▸ **PROBLEM DESCRIPTION**
Could you repeat the records below exactly, leaving the pictures out?

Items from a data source
——

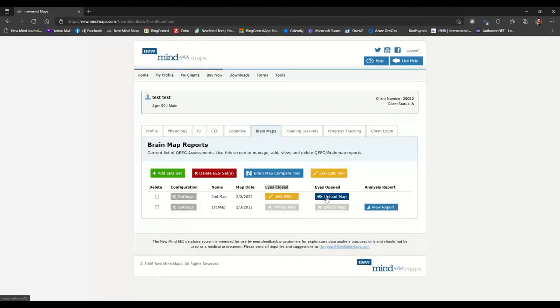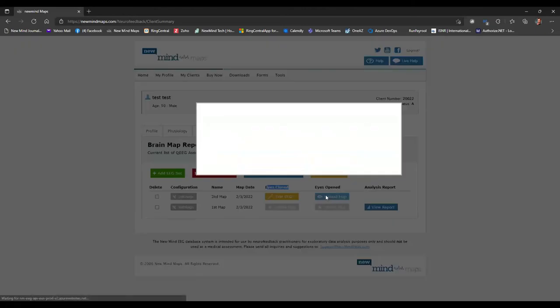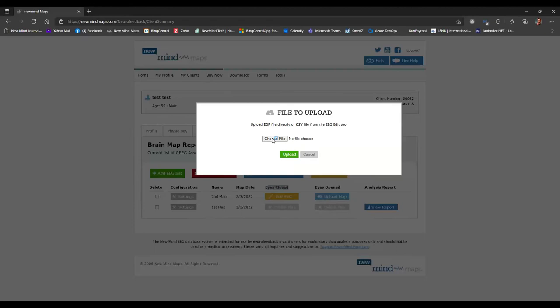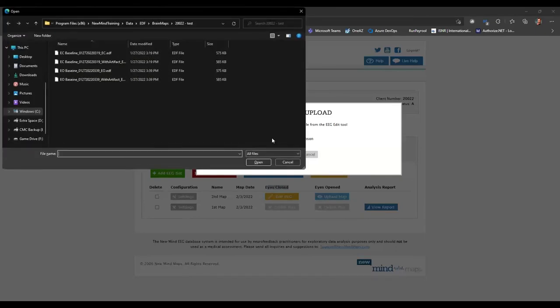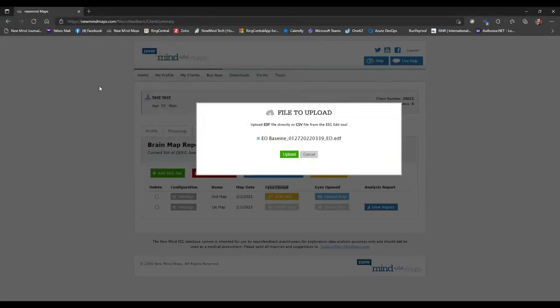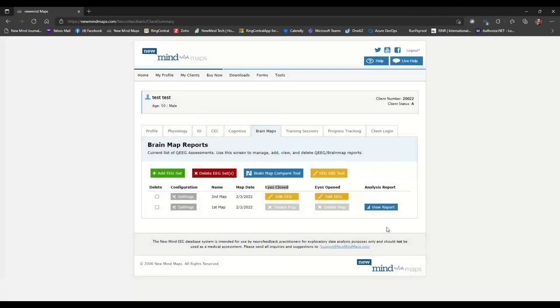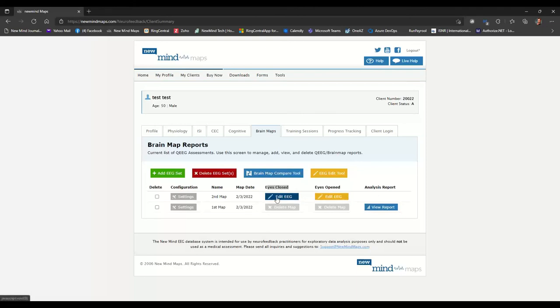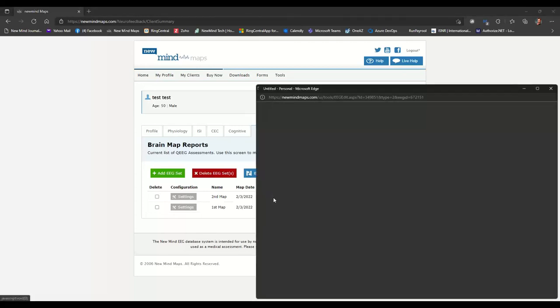All right, now I can go over and click on the eyes open upload map button. And we'll click choose file. And eyes open with the artifact removed is right here. So we'll double click on that and click the upload button. All right. So you'll notice we didn't automatically get a view report button here. But our buttons now say to edit the EEG. The file we chose has already been edited through our pro software. However, we still need to click on edit EEG.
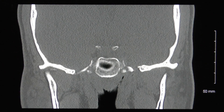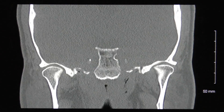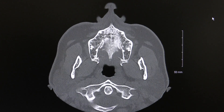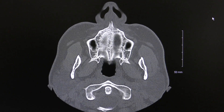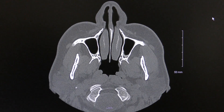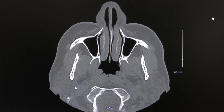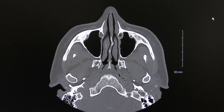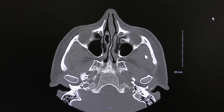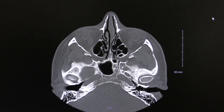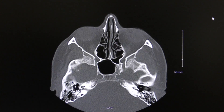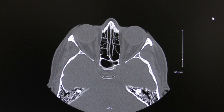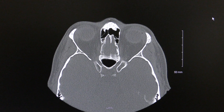In CT scans, there are basically three colors: black, white, and gray. Air is black, just like the black around the head. White is bone, just like any standard x-ray. Things that are gray denote fluid or soft tissues like the brain, eye, and tongue.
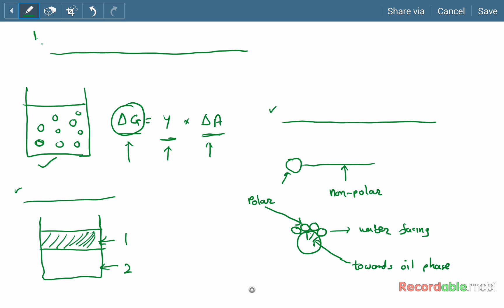By this arrangement, the surface active agent reduces the interfacial tension and reduces the surface free energy. Besides this, the surface active agent forms a monomolecular film on the surface of the dispersed droplet, and by this way it also prevents the coalescence and subsequent breaking of the emulsion. So the surface active agent performs two functions: first, reduction in interfacial tension, and second, formation of the monomolecular film preventing coalescence of the dispersed droplet.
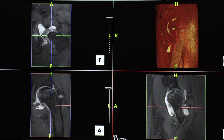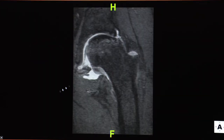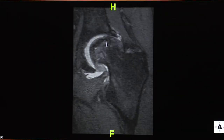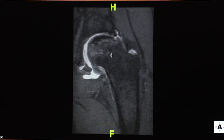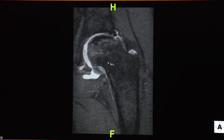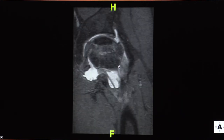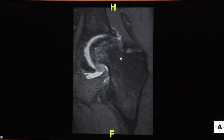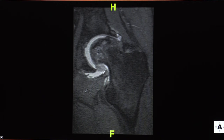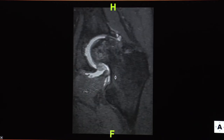Next we'll move to the hip. This is 3D SPACE imaging at 0.7 mm isotropic. Starting with the coronal image, you can see the cartilage and a lesion in the femoral head — a big lesion collapsing the head with a fracture — that's AVN Ficat stage 3. You can also see quite a bit of synovial thickening along the inferior plica; plicae are very nicely seen on 3D.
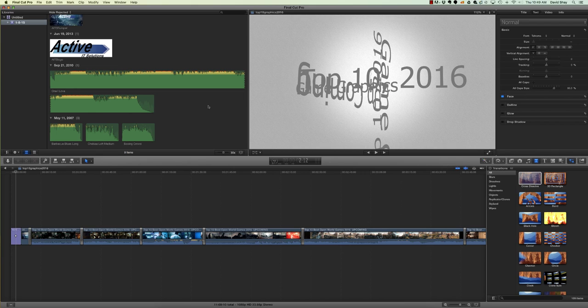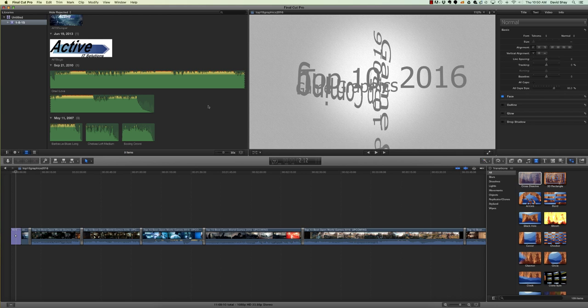What's up everyone, this is David Shea with Active IT Solutions. Today I want to show you a quick trick with Final Cut Pro. You might notice if you've tried to upload directly to YouTube from Final Cut Pro X that it actually doesn't give you any kind of progress bar. You're not even sure if it's happening or not.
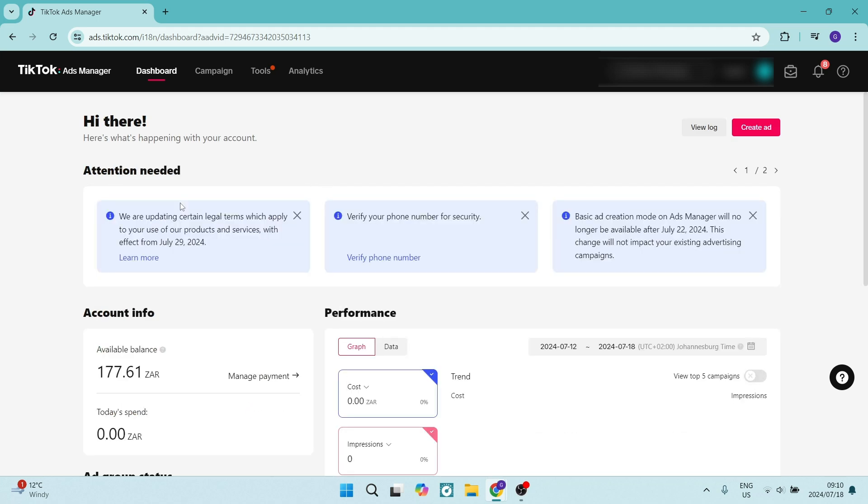Good day ladies and gentlemen, and welcome to the channel. Today I'm going to show you how to delete an ad campaign from your TikTok ads manager account.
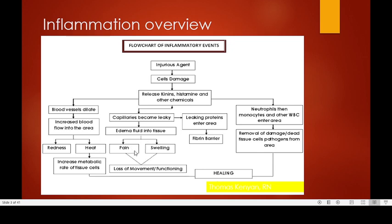Swelling can also compress nearby nerves. The compression and stimulation of nerve endings by chemicals results in pain. Both pain and swelling result in loss of function, which normally leads to immobilization — and that immobilization can actually be helpful in healing.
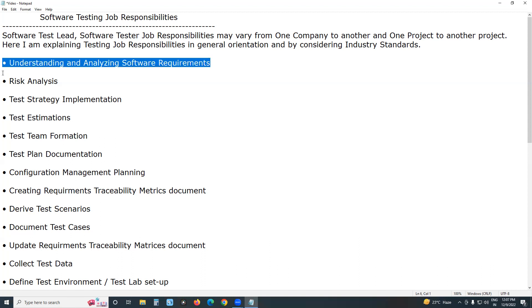The first responsibility is understanding and analyzing software requirements. Software requirement is the source for software testing. If it is informal testing, there is lack of documentation or no documentation — you can test using exploratory testing techniques, error guessing techniques, or experience-based test design techniques. But we are discussing formal testing, where requirements are the source.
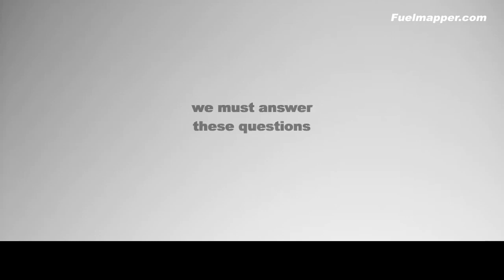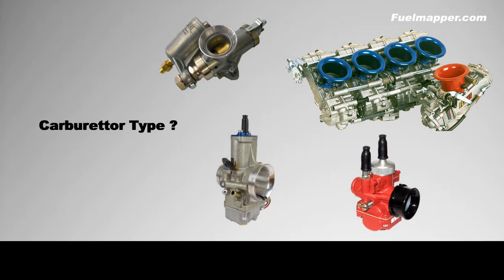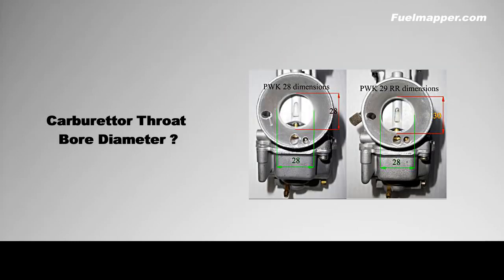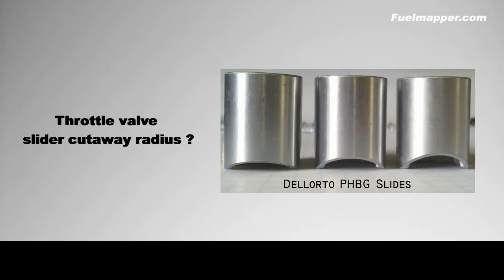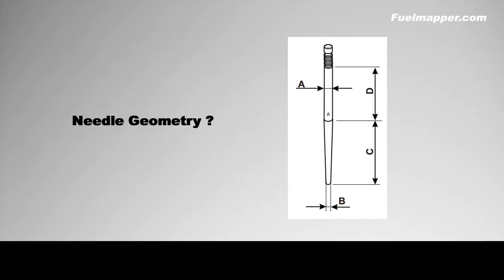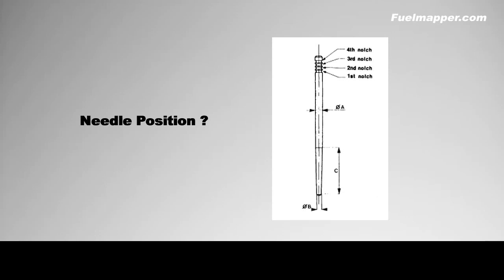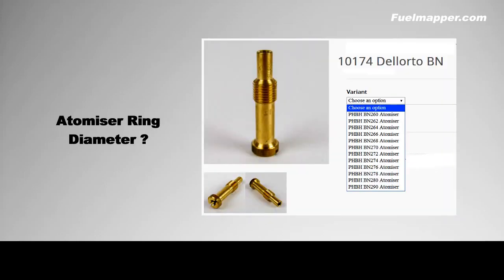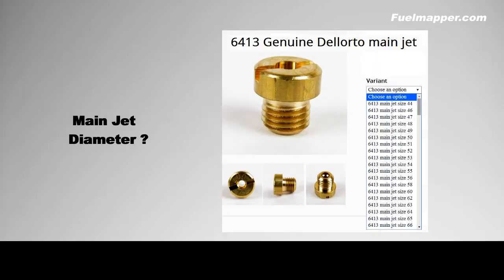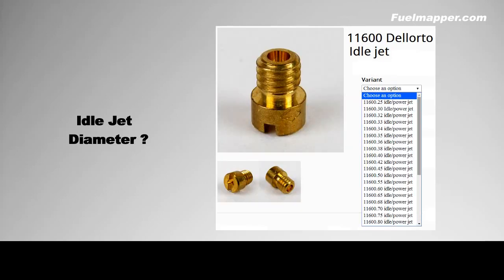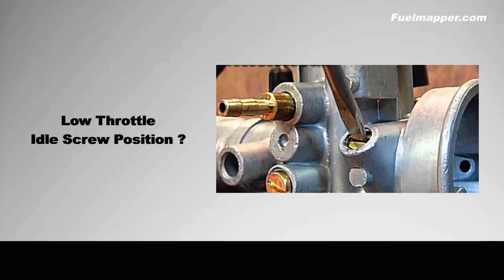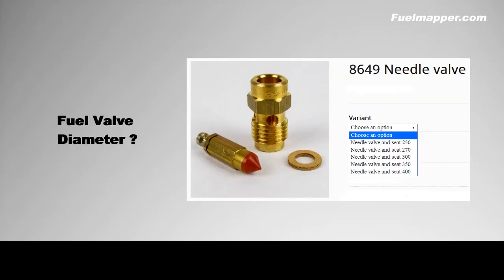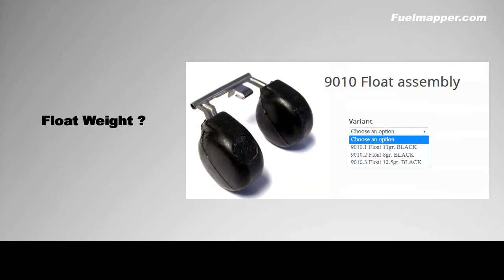This involves discovering the answers to these questions: carburetor type, carburetor throat bore diameter, throttle valve slider cutaway radius, needle geometry, needle position, atomizer type, atomizer ring diameter, main jet diameter, idle jet diameter, low throttle idle screw position, fuel valve diameter, and float weight.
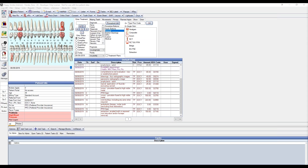There are two ways to create a planned appointment, the first of which is in the Chart Module. With the patient selected, navigate to the Chart Module and within the Chart Module tabs, select Planned Appointments.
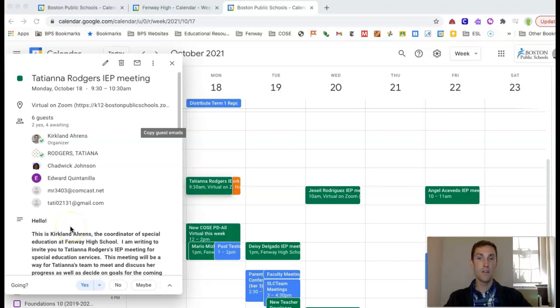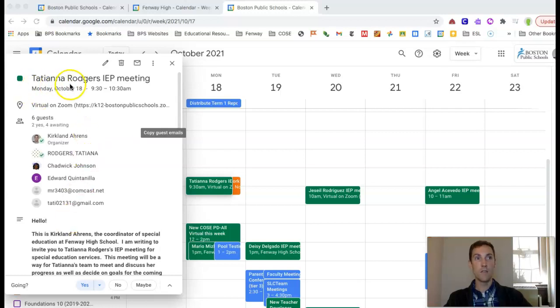Finally, if you are going to be a participant at a student's meeting because you're their liaison, you'll get another Google Calendar invite to the actual meeting. It'll have the student's name and IEP meeting.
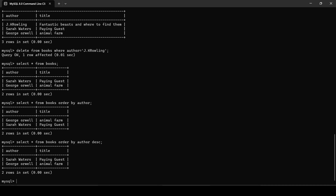We have done ORDER BY. Hope you enjoyed everything — subscribe for more.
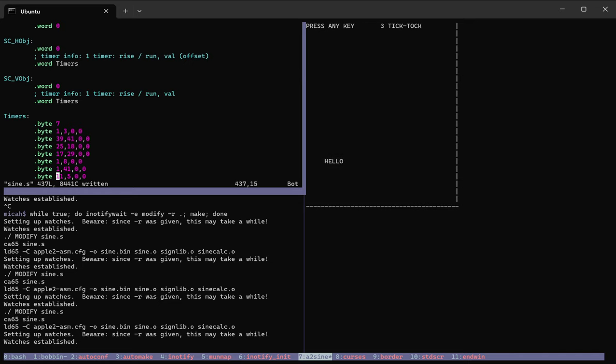Hello, this is Micah, and I am showcasing the progress on my emulator called Bobbin.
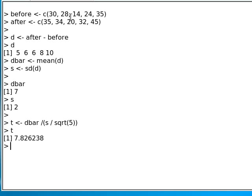If we look at the t-statistic, it's 7.82. If we look that up in a book on the tables, we will find that that is much greater than what we need for the 0.05 significance level, so we can reject the null hypothesis.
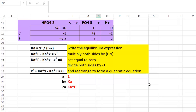Subtracting etz squared from both sides and setting equal to zero, then dividing both sides by negative one, I rearrange to the quadratic form: etz² + Ka1·etz − Ka1·(formal concentration) = 0. So A equals 1, B equals Ka1, and C equals Ka1 times the formal concentration of the acid.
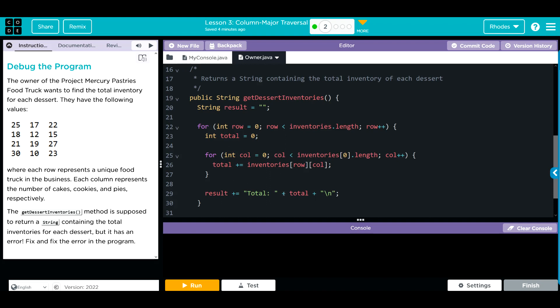What do I think is the error? I think it's adding up as a row major traversal instead of a column major. So when I hit run, I think I'm going to get these numbers added up. Let's see if that's what's happening.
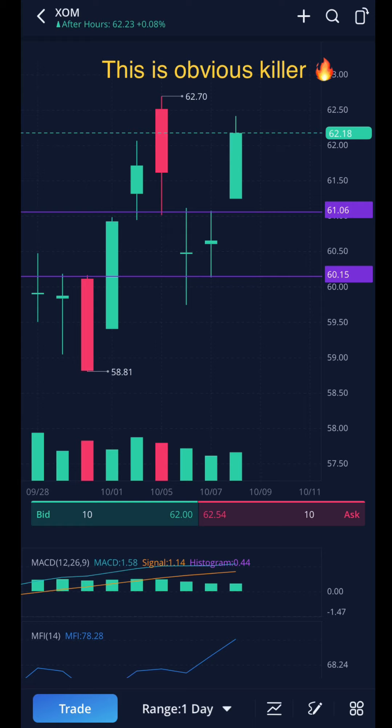Another one on the watch list was XOM. Energy, gas, and oil were trending so hard — you couldn't miss it. XOM has a lot of volatility and likes to move. We noticed an inside bar on the 7th, and we can obviously see this would have been a killer trade on the call side. Let's blow it up and look at the five-minute chart.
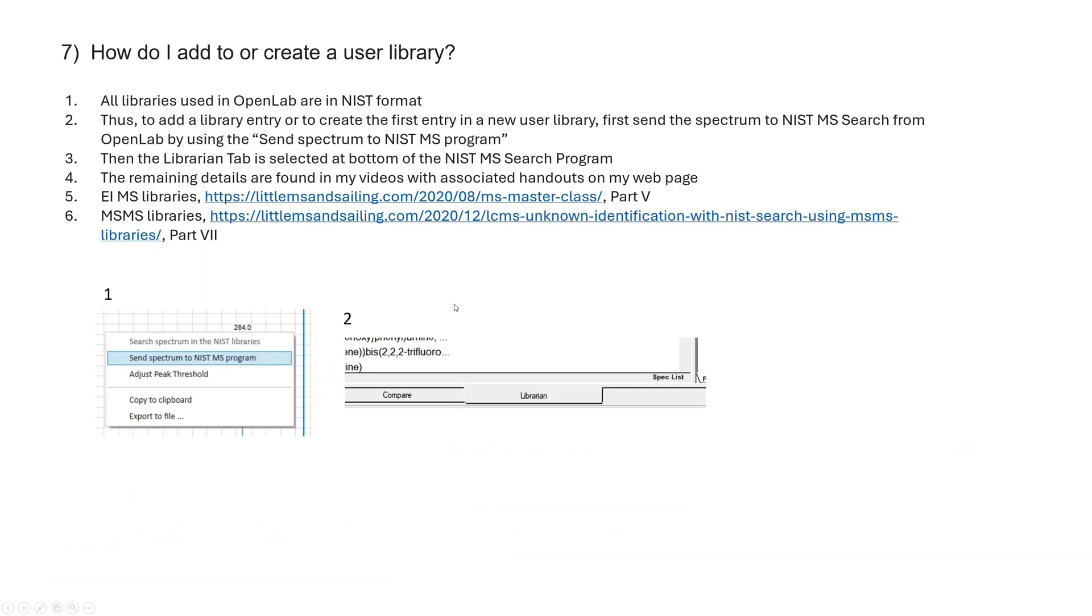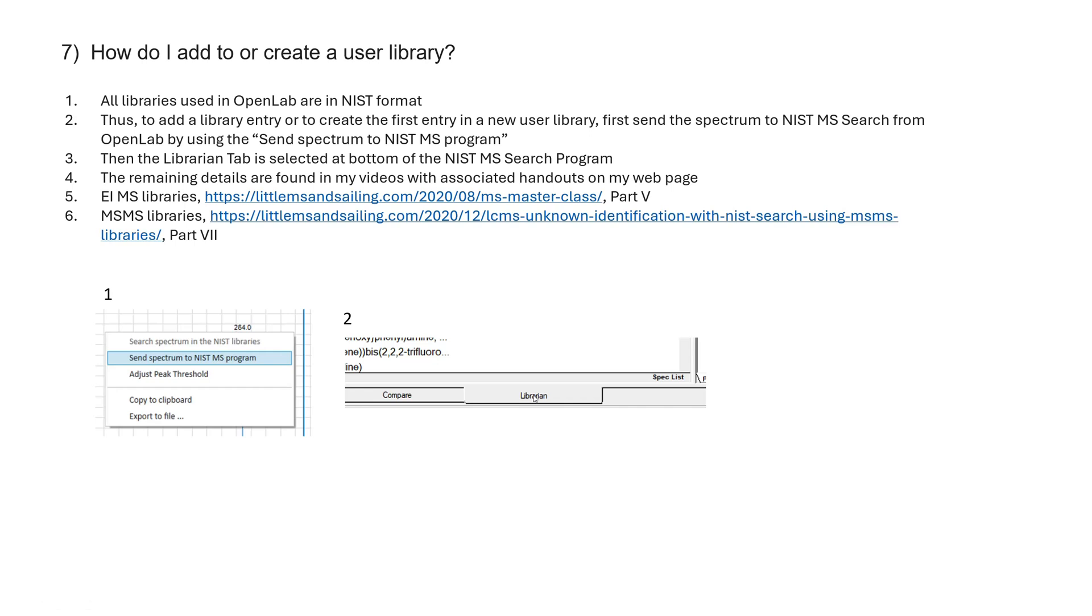How do I add to or create a user library? Again, all libraries used in OpenLab are in NIST format. Thus, to add an entry, you first have to get it open within OpenLab, and then you send it to the NIST search. And then you can go into the bottom where it says the Librarian tab here at the bottom. And that allows you to add comments, put structures with it, whatever, molecular weight, molecular formula.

——

▸ **OUTPUT BELOW**
All right, now I can go over and click on the eyes open upload map button. And we'll click choose file. And eyes open with the artifact removed is right here. So we'll double click on that and click the upload button. All right. So you'll notice we didn't automatically get a view report button here. But our buttons now say to edit the EEG. The file we chose has already been edited through our pro software. However, we still need to click on edit EEG.
In CT scans, there are basically three colors: black, white, and gray. Air is black, just like the black around the head. White is bone, just like any standard x-ray. Things that are gray denote fluid or soft tissues like the brain, eye, and tongue.
By this arrangement, the surface active agent reduces the interfacial tension and reduces the surface free energy. Besides this, the surface active agent forms a monomolecular film on the surface of the dispersed droplet, and by this way it also prevents the coalescence and subsequent breaking of the emulsion. So the surface active agent performs two functions: first, reduction in interfacial tension, and second, formation of the monomolecular film preventing coalescence of the dispersed droplet.
Next we'll move to the hip. This is 3D SPACE imaging at 0.7 mm isotropic. Starting with the coronal image, you can see the cartilage and a lesion in the femoral head — a big lesion collapsing the head with a fracture — that's AVN Ficat stage 3. You can also see quite a bit of synovial thickening along the inferior plica; plicae are very nicely seen on 3D.
What's up everyone, this is David Shea with Active IT Solutions. Today I want to show you a quick trick with Final Cut Pro. You might notice if you've tried to upload directly to YouTube from Final Cut Pro X that it actually doesn't give you any kind of progress bar. You're not even sure if it's happening or not.
Good day ladies and gentlemen, and welcome to the channel. Today I'm going to show you how to delete an ad campaign from your TikTok ads manager account.
Swelling can also compress nearby nerves. The compression and stimulation of nerve endings by chemicals results in pain. Both pain and swelling result in loss of function, which normally leads to immobilization — and that immobilization can actually be helpful in healing.
The first responsibility is understanding and analyzing software requirements. Software requirement is the source for software testing. If it is informal testing, there is lack of documentation or no documentation — you can test using exploratory testing techniques, error guessing techniques, or experience-based test design techniques. But we are discussing formal testing, where requirements are the source.
This involves discovering the answers to these questions: carburetor type, carburetor throat bore diameter, throttle valve slider cutaway radius, needle geometry, needle position, atomizer type, atomizer ring diameter, main jet diameter, idle jet diameter, low throttle idle screw position, fuel valve diameter, and float weight.
There are two ways to create a planned appointment, the first of which is in the Chart Module. With the patient selected, navigate to the Chart Module and within the Chart Module tabs, select Planned Appointments.
Finally, if you are going to be a participant at a student's meeting because you're their liaison, you'll get another Google Calendar invite to the actual meeting. It'll have the student's name and IEP meeting.
We have done ORDER BY. Hope you enjoyed everything — subscribe for more.
Hello, this is Micah, and I am showcasing the progress on my emulator called Bobbin.
If we look at the t-statistic, it's 7.82. If we look that up in a book on the tables, we will find that that is much greater than what we need for the 0.05 significance level, so we can reject the null hypothesis.
Subtracting etz squared from both sides and setting equal to zero, then dividing both sides by negative one, I rearrange to the quadratic form: etz² + Ka1·etz − Ka1·(formal concentration) = 0. So A equals 1, B equals Ka1, and C equals Ka1 times the formal concentration of the acid.
What do I think is the error? I think it's adding up as a row major traversal instead of a column major. So when I hit run, I think I'm going to get these numbers added up. Let's see if that's what's happening.
Another one on the watch list was XOM. Energy, gas, and oil were trending so hard — you couldn't miss it. XOM has a lot of volatility and likes to move. We noticed an inside bar on the 7th, and we can obviously see this would have been a killer trade on the call side. Let's blow it up and look at the five-minute chart.
How do I add to or create a user library? Again, all libraries used in OpenLab are in NIST format. Thus, to add an entry, you first have to get it open within OpenLab, and then you send it to the NIST search. And then you can go into the bottom where it says the Librarian tab here at the bottom. And that allows you to add comments, put structures with it, whatever, molecular weight, molecular formula.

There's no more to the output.